Clive Staples Lewis (1898-1963) fue uno de los grandes hombres que vivió el apasionante y terrible siglo XX. Profesor universitario, escritor e intelectual, converso y apologeta del cristianismo, Lewis (Jack, como le llamaban sus amigos) construyó un peculiar imaginario de profundas raíces inglesas, visibles especialmente en la que es su obra de creación más conocida, The Chronicles of Narnia. Amigo íntimo de John Ronald Tolkien, compartía con él, entre otras cualidades, una afinada sensibilidad para los idiomas y la literatura nórdica lato sensu, y esa aguda inteligencia sólo común a las pocas personas egregias “que en el mundo han sido”. A partir de 1926, año en que llega a Oxford y se inaugura tan especial amistad, Jack fue recorriendo paulatinamente la senda del redescubrimiento del cristianismo (pues, aunque en aquel momento se consideraba ateo, había sido educado en el anglicanismo).
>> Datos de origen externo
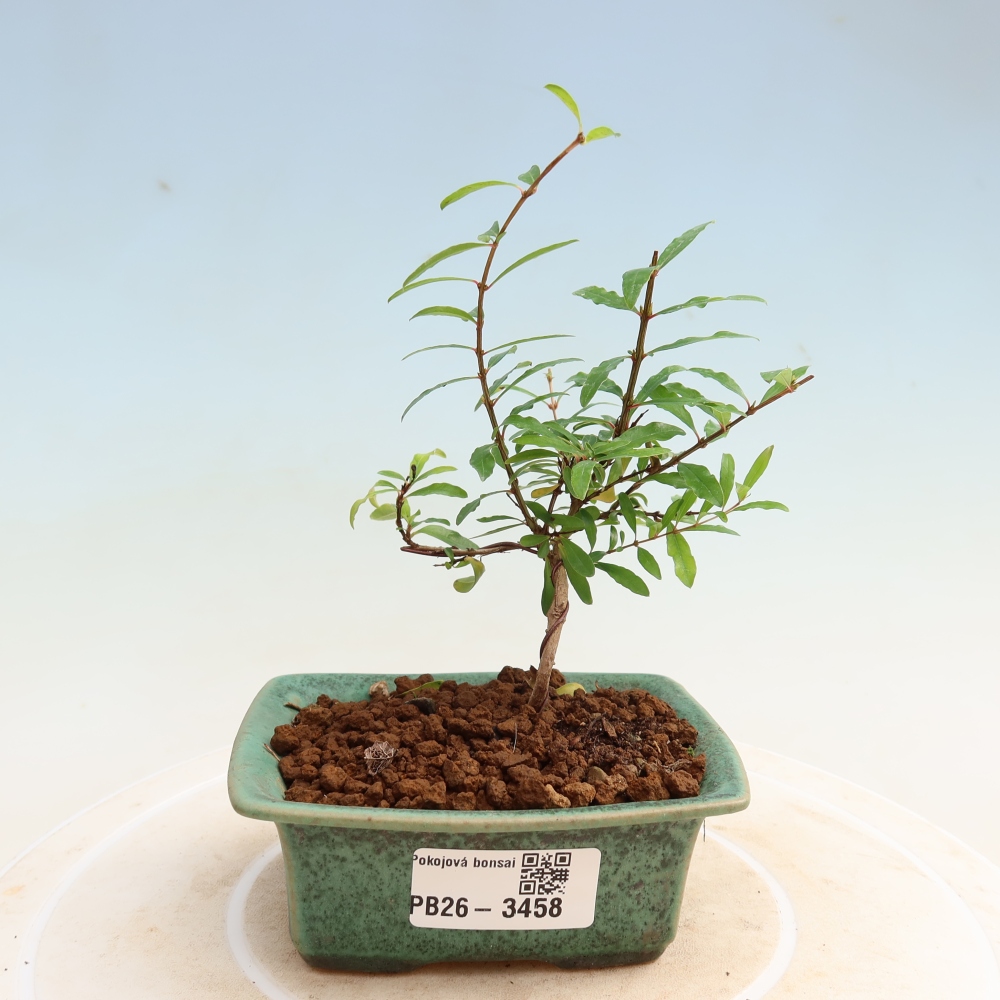 Room bonsai-PUNICA granatum nana-Granate apple
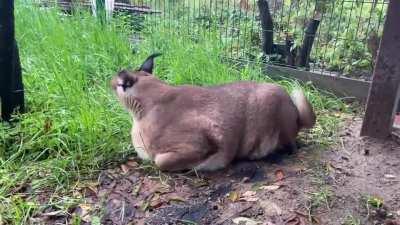 fresh kerrrrrs for everybody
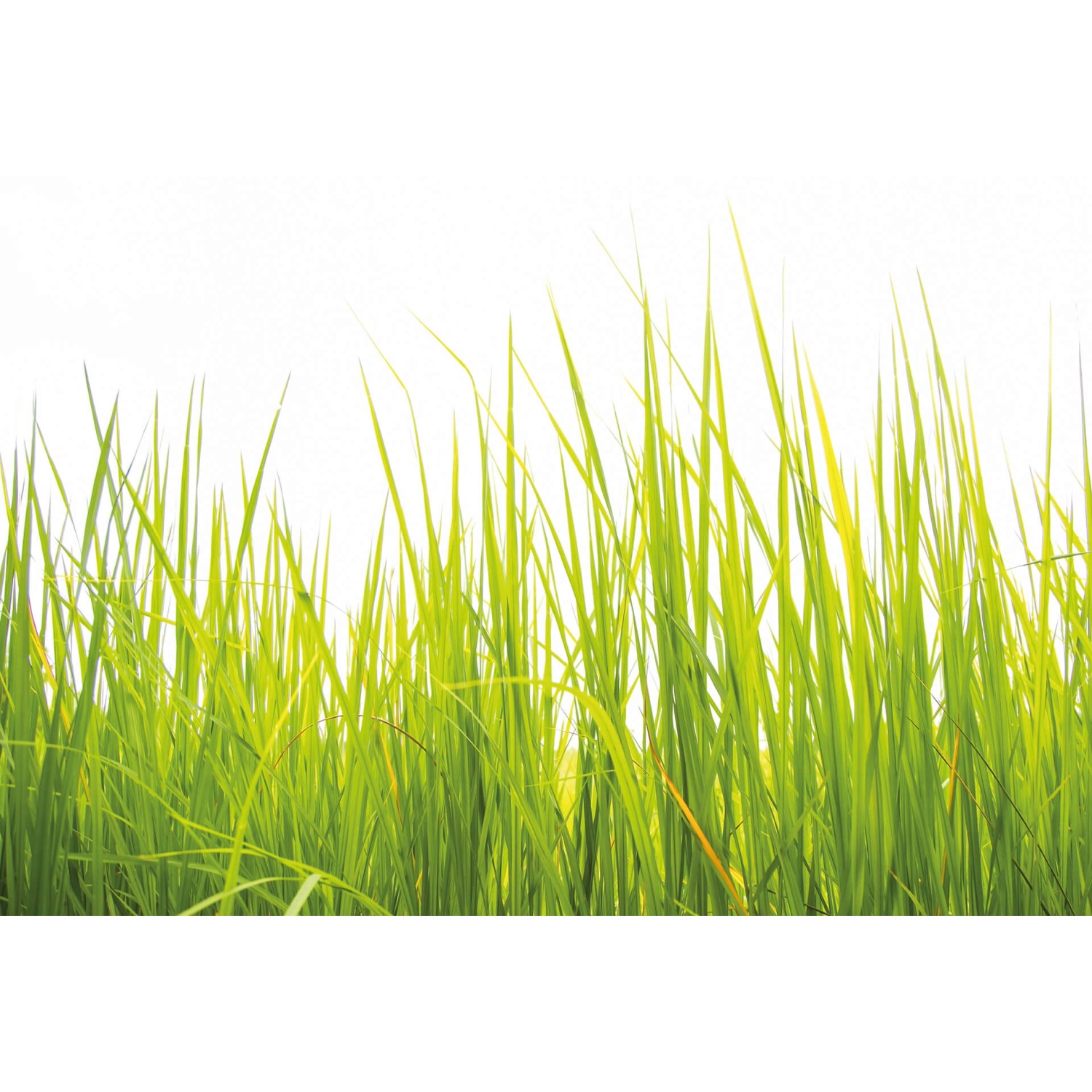 Fototapeta High Grass 384 x 260 cm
A lo largo del camino que ambos anduvieron juntos, C. S. Lewis derribó dos arraigados prejuicios con los que había llegado a la ciudad universitaria, según él mismo confiesa en su autobiografía, Surprised by Joy: la prevención contra los papistas —término peyorativo con el que las confesiones nacidas tras la escisión luterana designan a los católicos—, y contra los filólogos. “Tolkien era ambas cosas”, escribiría en esa obra que está dedicada, precisamente, al amigo y colega, con la simpática humildad que es privilegio de las gentes sencillas, y que capacita para la mirada nueva; ésa que permite traspasar el siempre empobrecedor umbral del prejuicio.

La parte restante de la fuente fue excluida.